▶ [ABOUT THIS EXERCISE]: Find the line containing "New 2026 Hyundai" in the listing below. Repeat it exactly, along with each following line up to and including the one containing "ราคา เซตกล้องติดรถยนต์ 70Mai".

▶ [GIVEN RECORDS]:
Segment Open
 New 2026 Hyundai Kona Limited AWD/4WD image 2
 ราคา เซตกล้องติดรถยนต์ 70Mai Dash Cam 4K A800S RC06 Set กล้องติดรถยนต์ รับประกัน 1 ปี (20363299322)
Segment Closed
Segment Open
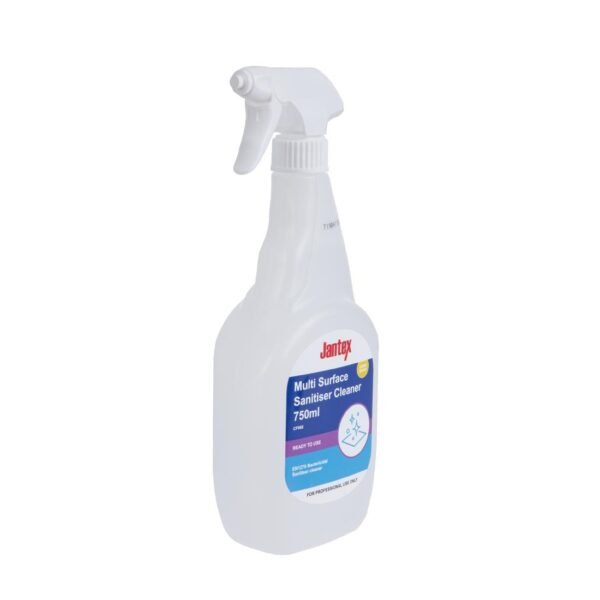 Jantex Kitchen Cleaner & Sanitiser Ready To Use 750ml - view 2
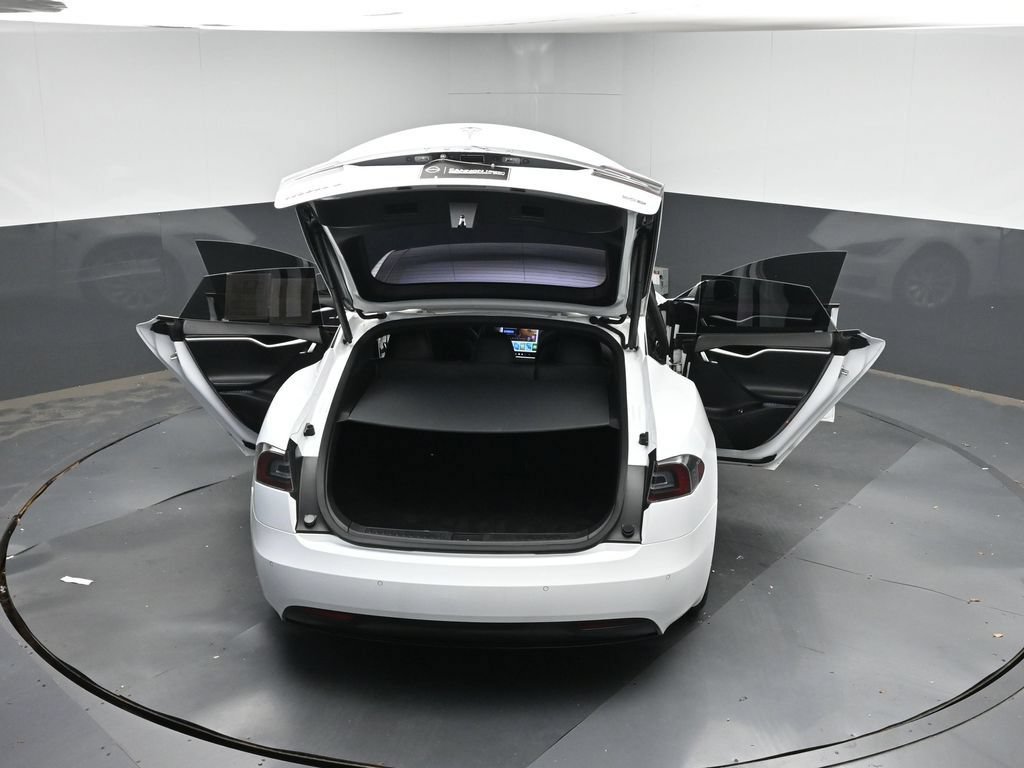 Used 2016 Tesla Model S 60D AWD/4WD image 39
Segment Closed
Segment Open
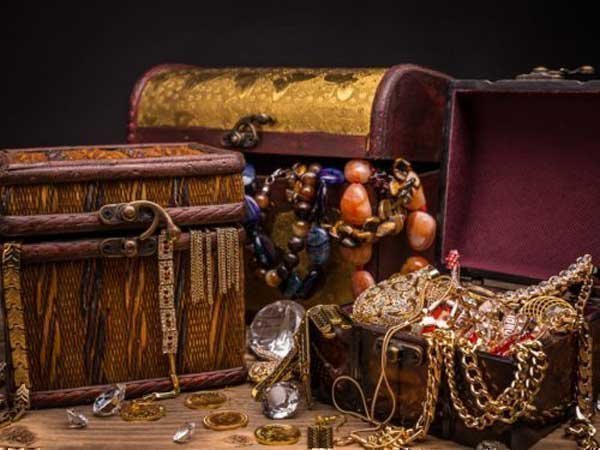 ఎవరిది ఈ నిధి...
Segment Closed
▶ [SOLVED PROBLEM]:
 New 2026 Hyundai Kona Limited AWD/4WD image 2
 ราคา เซตกล้องติดรถยนต์ 70Mai Dash Cam 4K A800S RC06 Set กล้องติดรถยนต์ รับประกัน 1 ปี (20363299322)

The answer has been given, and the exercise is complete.